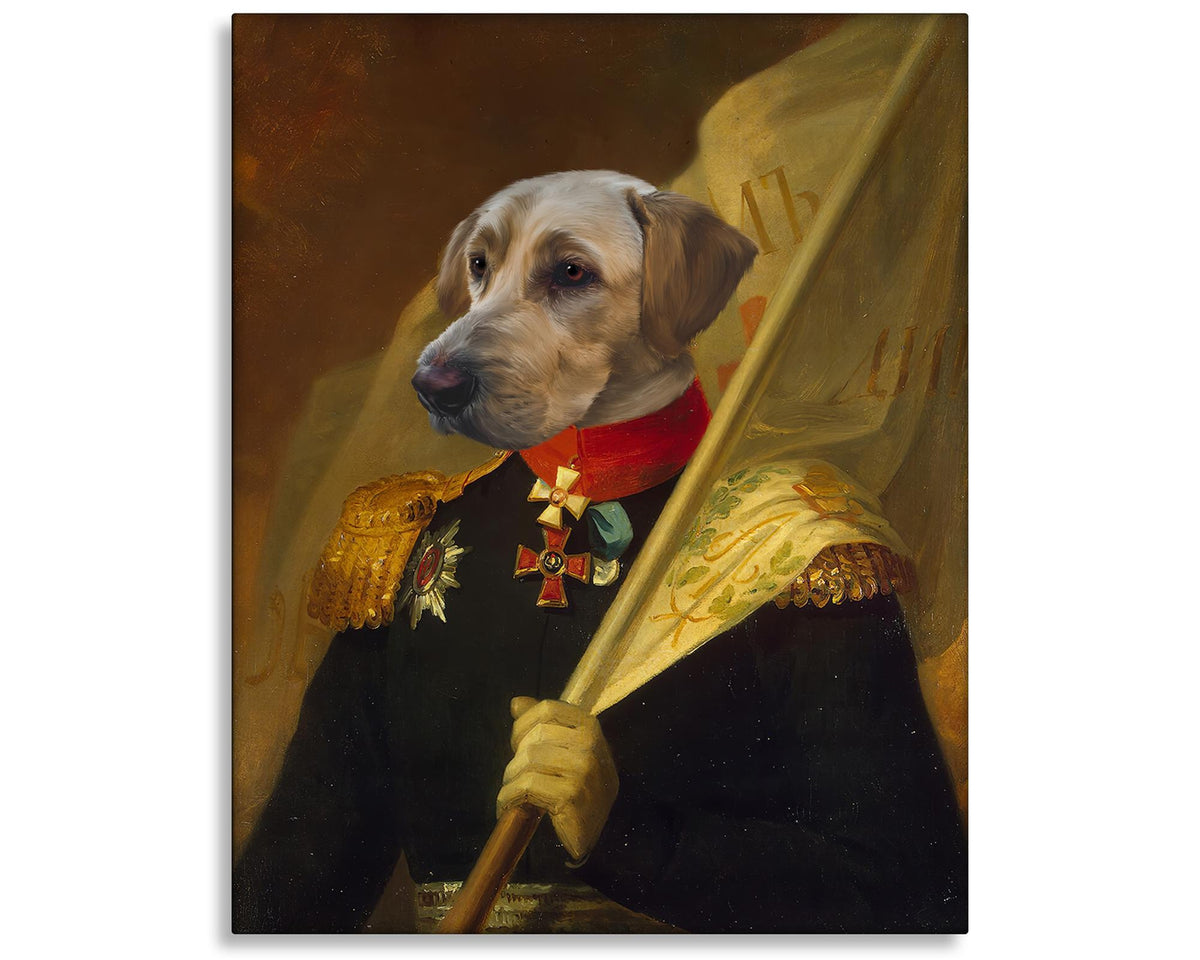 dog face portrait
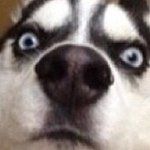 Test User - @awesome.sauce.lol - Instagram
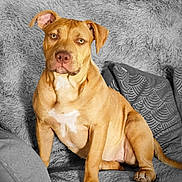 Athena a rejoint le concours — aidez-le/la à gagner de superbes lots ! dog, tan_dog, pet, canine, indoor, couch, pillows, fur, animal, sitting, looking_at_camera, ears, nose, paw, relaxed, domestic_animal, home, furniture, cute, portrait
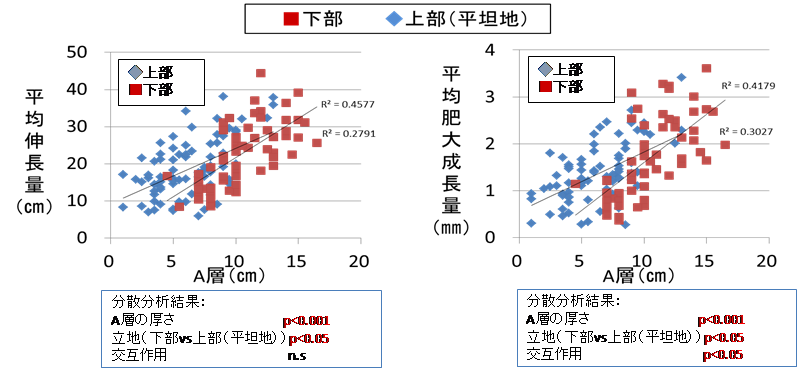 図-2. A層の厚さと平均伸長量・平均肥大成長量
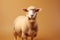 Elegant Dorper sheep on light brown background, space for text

###

◆ Exercise
Please return the lines from the line with "Athena a rejoint" through the last line of the data, both included, exactly, and without pictures.

◆ Task answer
 Athena a rejoint le concours — aidez-le/la à gagner de superbes lots ! dog, tan_dog, pet, canine, indoor, couch, pillows, fur, animal, sitting, looking_at_camera, ears, nose, paw, relaxed, domestic_animal, home, furniture, cute, portrait
 図-2. A層の厚さと平均伸長量・平均肥大成長量
 Elegant Dorper sheep on light brown background, space for text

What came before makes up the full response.